RECORDS PROVIDED:

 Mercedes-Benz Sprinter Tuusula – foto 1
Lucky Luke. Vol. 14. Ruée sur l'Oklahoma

...

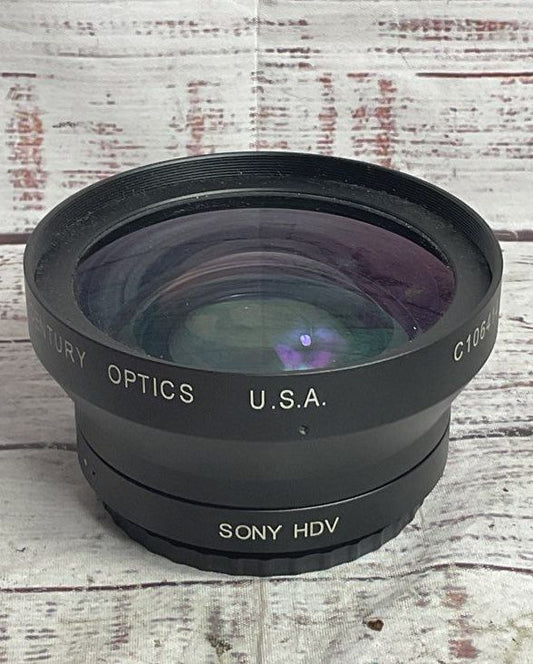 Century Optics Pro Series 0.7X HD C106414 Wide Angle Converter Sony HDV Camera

* * *

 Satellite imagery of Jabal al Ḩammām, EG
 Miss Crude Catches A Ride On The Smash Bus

YOUR ASSIGNMENT:
Only the lines from the one containing "Mercedes-Benz Sprinter Tuusula – foto 1" through the one containing "Lucky Luke. Vol. 14. Ruée sur l'Oklahoma" are to be retyped, both boundary lines included, with no other material.

EXERCISE RESULT:
 Mercedes-Benz Sprinter Tuusula – foto 1
Lucky Luke. Vol. 14. Ruée sur l'Oklahoma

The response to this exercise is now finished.